The case in question is related to the former treasurers of the party, who are alleged to have paid for refurbishment work at their national headquarters, in Génova street in Madrid, with undeclared cash, as well having allegedly maintained a slush fund of irregular donations and payments for at least 18 years.
The €1.2 million bond was set by High Court Judge José de la Mata in 2015. The amount relates to the failure of treasurers Luis Bárcenas and Álvaro Lapuerta to pay taxes of €220,167 on irregular donations to the party of €1.05 million. The remainder of the bond is connected to the €1.05 million that the PP allegedly helped defraud from the Spanish Tax Agency in 2008, when it supposedly paid architecture firm Unifica for refurbishment work at its Madrid HQ with undeclared cash.

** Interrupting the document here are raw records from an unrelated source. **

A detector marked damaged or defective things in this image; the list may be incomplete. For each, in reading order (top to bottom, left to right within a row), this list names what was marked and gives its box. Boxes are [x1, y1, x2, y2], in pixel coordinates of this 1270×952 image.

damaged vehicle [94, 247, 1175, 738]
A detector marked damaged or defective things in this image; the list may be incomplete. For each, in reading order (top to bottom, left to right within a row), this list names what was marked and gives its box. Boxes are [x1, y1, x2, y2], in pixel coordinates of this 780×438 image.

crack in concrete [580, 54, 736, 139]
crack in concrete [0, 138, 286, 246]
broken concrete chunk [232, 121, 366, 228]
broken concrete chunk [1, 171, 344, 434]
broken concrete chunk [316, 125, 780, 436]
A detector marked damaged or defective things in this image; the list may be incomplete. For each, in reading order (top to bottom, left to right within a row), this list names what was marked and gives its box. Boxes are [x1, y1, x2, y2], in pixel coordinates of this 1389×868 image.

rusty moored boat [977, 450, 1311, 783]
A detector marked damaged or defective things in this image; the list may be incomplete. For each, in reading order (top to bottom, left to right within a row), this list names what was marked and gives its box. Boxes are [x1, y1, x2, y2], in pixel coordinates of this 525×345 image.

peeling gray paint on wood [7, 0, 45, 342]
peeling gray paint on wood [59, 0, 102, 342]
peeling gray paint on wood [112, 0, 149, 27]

The responsibility for paying the bond lies with the PP, Unifica, Bárcenas and Lapuerta, as well as former party chief Cristóbal Páez. However, they all claim to lack the funds, and as such the magistrate is calling for the party to cover the entire bond.
The so-called “Bárcenas Papers” scandal broke in 2013, when accounting ledgers supposedly kept by the former treasurer were published by EL PAÍS. The papers allegedly showed a double-accounting system within the then-ruling party. According to the documents, and Bárcenas’ own admission, the party was receiving irregular donations from Spanish firms, and regularly paying out cash bonuses to a number of high-profile party figures, including the party’s secretary general María Dolores de Cospedal and acting PM Mariano Rajoy. Bárcenas has been in jail awaiting trial since the scandal broke, while other former party treasurers have also been questioned in court.